Beim Mathematiklernen erscheint die Situation anders. Die Möglichkeiten, Mathematik zu betreiben, ohne über angemessene grundlegende Fähigkeiten und mathematische Vorstellungen zu verfügen, sind beschnitten. Die Auseinandersetzung mit Zahlen und Grundrechenoperationen bildet zwar nicht den gesamten Unterricht der Grundschule ab, jedoch einen großen Teil. Das Verständnis zu Geld, zur Uhrzeit oder zu Längen wird ebenfalls davon getragen, über gute Zahlvorstellungen zu verfügen. Insofern bietet die Beschäftigung mit der Geometrie für betroffene Kinder eine besonders gute Chance, Erfolge zu erlangen. Insgesamt sind aber der Kern des Lernproblems und die Bewältigung der Lernanforderungen im Unterricht unmittelbar miteinander verquickt. Dieser Umstand erschwert die Aussetzung der Benotung über die Grundschulzeit hinweg. Didaktisches Material als Hilfsmittel zur Zahldarstellung verliert am Ende der Grundschulzeit seine Handhabbarkeit im Unterrichtsalltag.
Ein Nachschlagewerk liefert vielleicht die Erklärung für einen Rechenweg, nimmt ihn dem Kind aber nicht ab und erfordert zudem Transferleistungen in der Anwendung auf das eigene Beispiel. Eine Verlagerung von schriftlichen zu mündlichen Darstellungen, wie sie in den Regelungen zur Ausgestaltung von Nachteilsausgleichen vorgeschlagen wird und die für das Schreiben nützlich ist, hilft den Kindern beim Rechnen meist nicht. Im Gegenteil, hier bringt es Entlastung, wenn Rechenwege durch Zeichnungen oder Zwischenergebnisse oder Notizen zu Teilrechnungen unterstützt werden.

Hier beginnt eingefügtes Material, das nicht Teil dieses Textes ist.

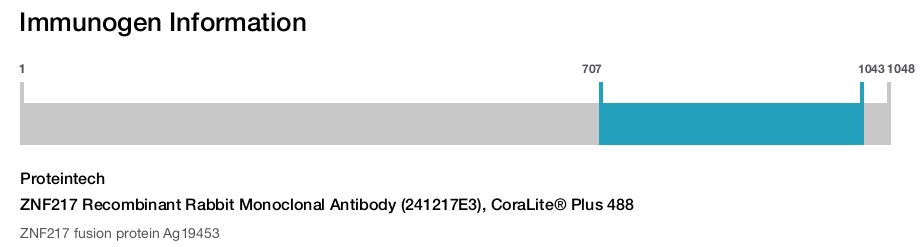 ZNF217 Recombinant Rabbit Monoclonal Antibody (241217E3), CoraLite&reg; Plus 488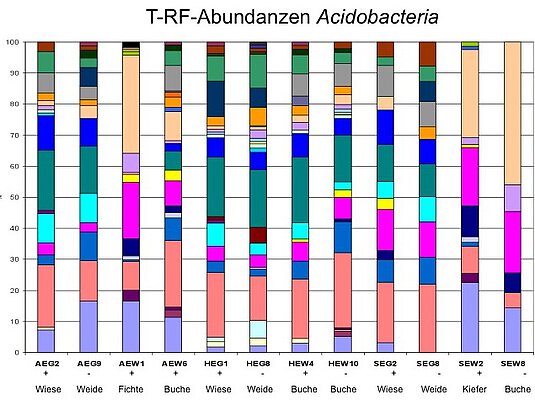 Picture: The diagram compares the bacterial abundance from four samples each from the Swabian Alb, Hainich-Dün and Schorfheide-Chorin exploratories in 12 columns using differently coloured and differently sized column segments.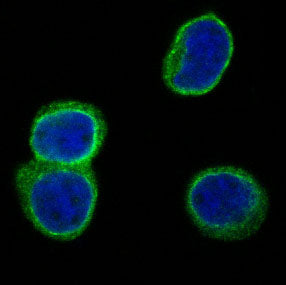 Anti-CD3D Rabbit Monoclonal Antibody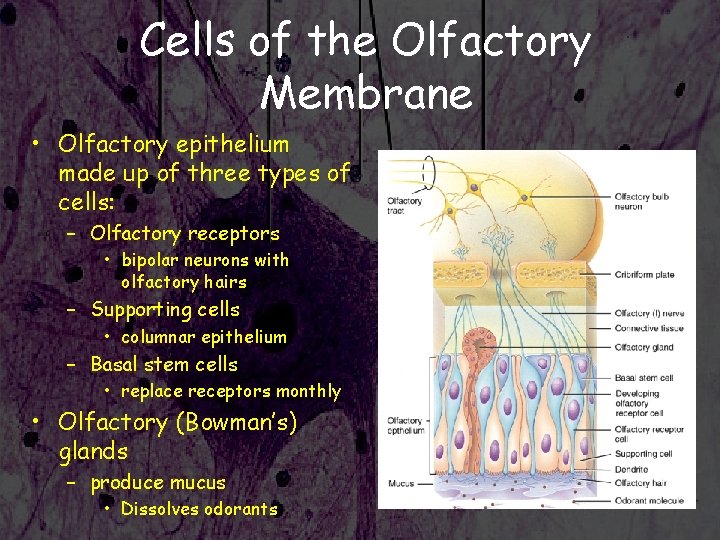 Cells of the Olfactory Membrane • Olfactory epithelium made up of three types of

Und wie gehen eigentlich Überlegungen, die für die Differenzierung angesichts einer ohnehin sehr heterogenen Klassengemeinschaft angestellt werden mit denen für einen Nachteilsausgleich zusammen? Hier sind noch viele Fragen offen: Vielversprechende Forschungs- und Praxisprojekte befassen sich beispielsweise mit der Gestaltung guter, facettenreicher Aufgaben, die alle Kinder auf ihrem Niveau ansprechen sowie sinnvolles Tätigsein und Lernerfolge ermöglichen. Wenn Förderung und Differenzierung Hand in Hand gehen, bereichern sie in jedem Fall organisatorische Maßnahmen eines Nachteilsausgleichs.
Neben ihrer Tätigkeit als Lerntherapeutin bei den Duden Instituten für Lerntherapie ist Jana Köppen für die Weiterentwicklung der Rechenschwäche-Therapie bei Grund- und Sekundarschülern zuständig. Sie forscht nach neuen methodischen Ansätzen und bildet Kolleginnen und Kollegen auf dem Gebiet der integrativen Lerntherapie bei Rechenschwäche aus.